Former divinity student Phillip Tengg says he never set out to be a Grinch with his anti-Santa crusade.
Tengg's spirited campaign "for a contemplative Christmas" favoring Austrian traditions over the American Santa Claus caused a stir earlier this month, when he and other activists distributed thousands of stickers depicting Santa with a red slash across his face.
Now Tengg and his Pro-Christkind (Pro-Christ Child) Society, conceding they may have gone too far, have promised to lighten up on the jolly old elf next Christmas.
In an apologetic "Open Letter to America" released over the weekend, Pro-Christkind said it never meant to offend Americans and others who hold Santa dear and swamped the group with letters and e-mails of complaint.
"We very much regret that our stickers which showed a crossed-out Santa Claus have caused some misunderstanding and have hurt the feelings of Santa Claus' friends," the letter said.
"In our zeal, we neglected two things: that there are people in the world we live in who believe in Santa Claus and for whom Santa Claus represents an important part of Christmas, and that we have actually expressed something completely contrary to what we wanted to express."
Pro-Christkind members, who urge Austrians to hold to their centuries-old yuletide traditions and resist the incursion of the American Santa, insist they have nothing personal against Santa.

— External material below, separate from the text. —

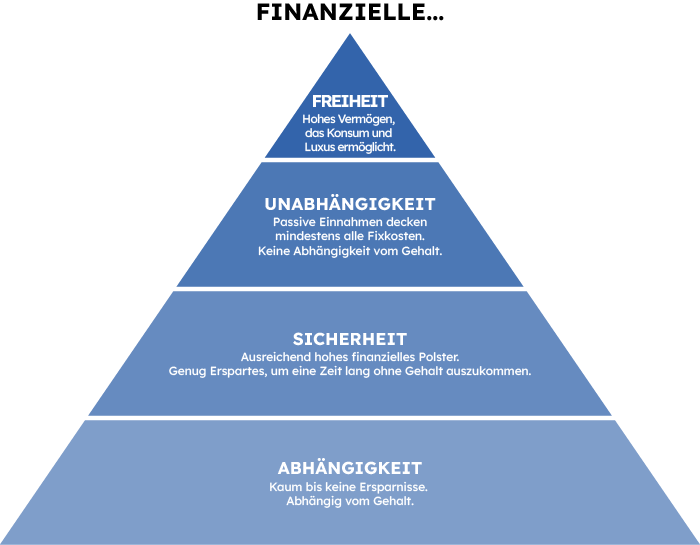 Finanzielle Freiheit Finanziell frei werden in vier Etappen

They say they're simply trying to keep the traditional St. Nikolaus and the Christ Child as the reasons for the season in Austria.

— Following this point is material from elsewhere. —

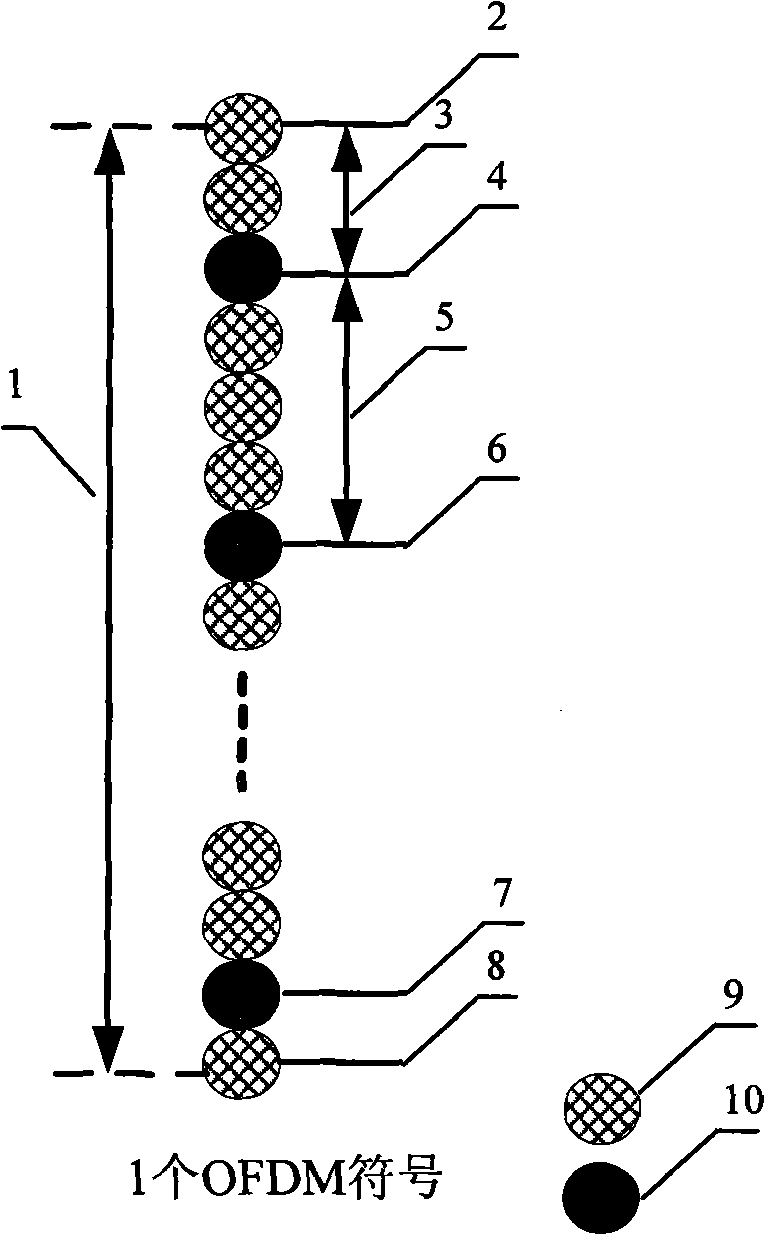 A frequency domain channel estimation method for OFDM multiplex system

They see Santa and his reindeer as commercial distractions to what they contend should be a time of worship and reflection in this overwhelmingly Roman Catholic country where the carol "Silent Night" was composed in 1816.

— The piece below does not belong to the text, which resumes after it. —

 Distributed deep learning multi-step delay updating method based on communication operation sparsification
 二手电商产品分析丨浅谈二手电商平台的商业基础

But the anti-Santa stickers they've been plastering on the stalls of Austria's famed outdoor Christmas markets blurred that message, said Tengg, 27, who founded the society in 1998 in the alpine city of Innsbruck.
The ensuing media attention in Europe and the United States took Pro-Christkind by surprise.
Its efforts to distance itself from more extreme opponents of Santa backfired when it posted on its Web site provocative examples of electronic greeting cards under the heading "Schwachsinniges," German for "nonsense."
Those e-cards included depictions of a Santa skewered by an airplane, a Santa urinating on a rooftop and the corpse of a Santa riddled with bullets. They weren't the work of Pro-Christkind, which said it posted them "to demonstrate the opposite of what we are standing for," but that distinction was lost when television stations aired footage of the Web site.
"The whole thing went in a direction we never wanted," Tengg told the newspaper Die Presse. Pro-Christkind since has pulled the e-cards from its site.
The fuss has triggered a firestorm of protest in Pro-Christkind's chat group. Tucked among hundreds of mostly German expressions of support for the group's crusade to keep Christ in Christmas are terse messages in English such as "Santa Claus forever!" and "Get a life! Grow up!"
Although the group still contends that Santa Claus "has become a symbol for the unbridled commercialism of the pre-Christmas season," Tengg has promised to ditch the anti-Santa stickers and come up with "a symbol that unites all the friends of a contemplative Christmas."
"Don't worry about Santa Claus," Pro-Christkind's letter says. "Merry Christmas to everyone ... within every culture and its unique traditions."